[SUPPLIED MATERIAL Boundary: Start]
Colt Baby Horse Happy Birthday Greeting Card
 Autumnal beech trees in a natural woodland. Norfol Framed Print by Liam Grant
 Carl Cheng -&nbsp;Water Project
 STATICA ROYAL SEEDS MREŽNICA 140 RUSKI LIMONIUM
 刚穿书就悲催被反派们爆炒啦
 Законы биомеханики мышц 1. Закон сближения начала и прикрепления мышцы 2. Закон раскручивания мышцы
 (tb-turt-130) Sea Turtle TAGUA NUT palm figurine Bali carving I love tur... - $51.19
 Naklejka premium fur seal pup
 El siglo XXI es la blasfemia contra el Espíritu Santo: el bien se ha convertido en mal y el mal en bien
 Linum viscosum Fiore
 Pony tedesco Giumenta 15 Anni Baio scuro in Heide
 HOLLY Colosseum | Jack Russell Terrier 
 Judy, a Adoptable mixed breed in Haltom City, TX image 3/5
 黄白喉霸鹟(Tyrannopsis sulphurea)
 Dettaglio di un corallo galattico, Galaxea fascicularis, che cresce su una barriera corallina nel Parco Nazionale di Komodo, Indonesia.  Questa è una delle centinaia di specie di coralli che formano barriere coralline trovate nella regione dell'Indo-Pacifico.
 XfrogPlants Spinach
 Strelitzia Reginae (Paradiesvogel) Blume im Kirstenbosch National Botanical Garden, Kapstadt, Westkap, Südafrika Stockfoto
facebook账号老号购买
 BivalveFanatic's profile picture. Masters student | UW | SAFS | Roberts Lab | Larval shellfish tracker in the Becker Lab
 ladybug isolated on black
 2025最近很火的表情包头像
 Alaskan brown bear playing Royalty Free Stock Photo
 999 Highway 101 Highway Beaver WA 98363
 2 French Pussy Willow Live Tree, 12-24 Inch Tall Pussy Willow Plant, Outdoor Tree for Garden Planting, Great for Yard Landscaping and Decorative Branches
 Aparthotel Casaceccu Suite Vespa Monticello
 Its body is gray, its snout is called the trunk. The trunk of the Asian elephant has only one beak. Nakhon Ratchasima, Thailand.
[SUPPLIED MATERIAL Boundary: End]
## WORK TASK:
Search the entries for the word "Garden" and pick out every line that holds it.

## SOLUTION BELOW:
 Strelitzia Reginae (Paradiesvogel) Blume im Kirstenbosch National Botanical Garden, Kapstadt, Westkap, Südafrika Stockfoto
 2 French Pussy Willow Live Tree, 12-24 Inch Tall Pussy Willow Plant, Outdoor Tree for Garden Planting, Great for Yard Landscaping and Decorative Branches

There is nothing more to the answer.